Restate the listing below word for word. No picture belongs in the result.
___ Provided data ___
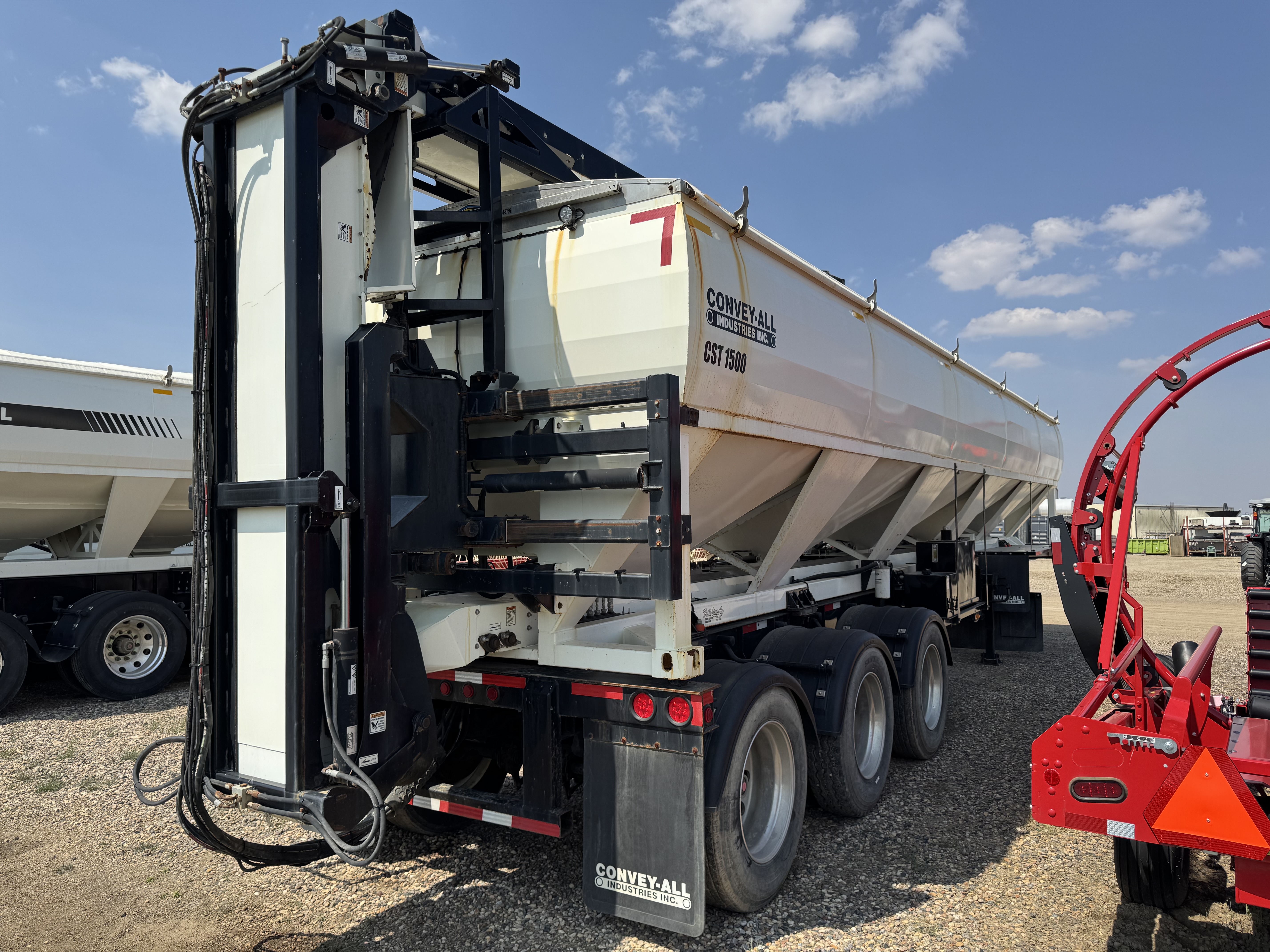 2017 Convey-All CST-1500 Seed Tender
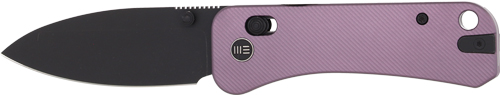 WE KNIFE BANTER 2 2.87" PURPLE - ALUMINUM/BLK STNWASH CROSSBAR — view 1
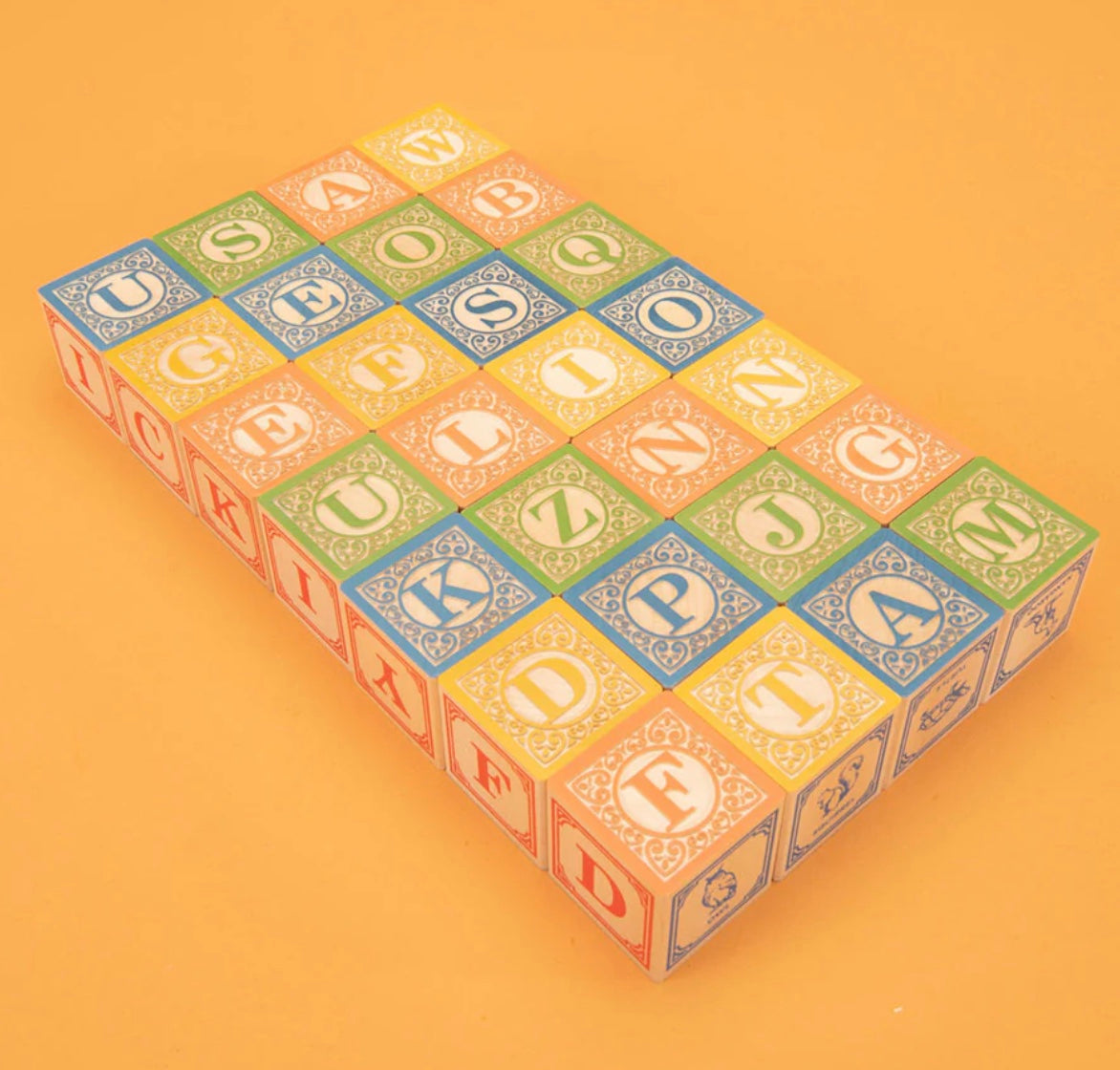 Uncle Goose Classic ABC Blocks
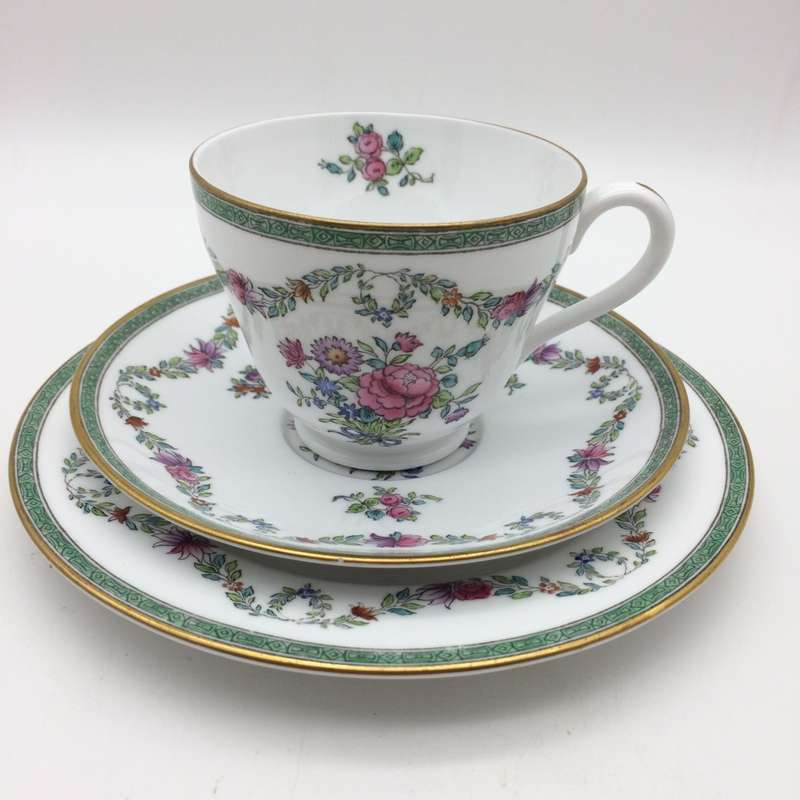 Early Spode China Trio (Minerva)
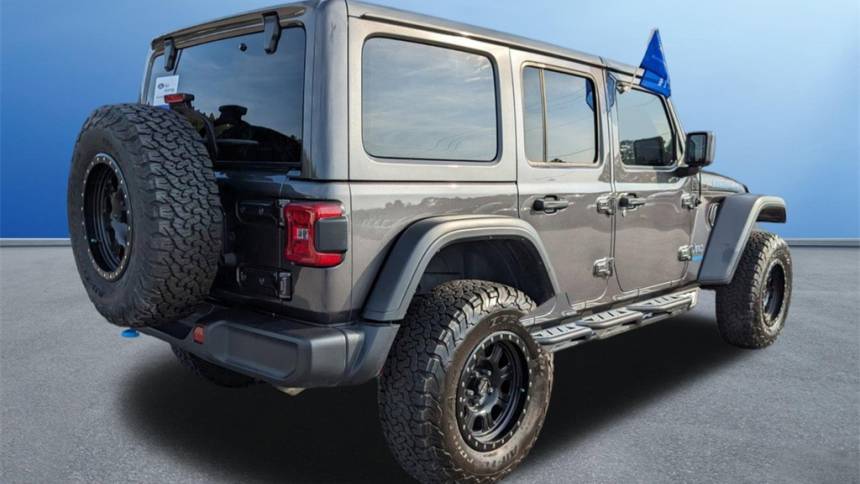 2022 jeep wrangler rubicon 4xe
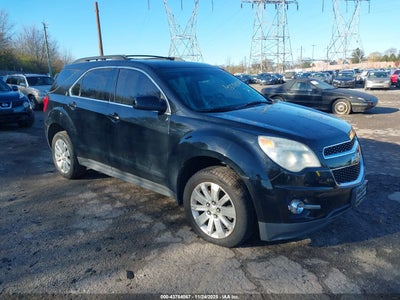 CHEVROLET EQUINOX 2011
___
Task result -
 2017 Convey-All CST-1500 Seed Tender
 WE KNIFE BANTER 2 2.87" PURPLE - ALUMINUM/BLK STNWASH CROSSBAR — view 1
 Uncle Goose Classic ABC Blocks
 Early Spode China Trio (Minerva)
 2022 jeep wrangler rubicon 4xe
 CHEVROLET EQUINOX 2011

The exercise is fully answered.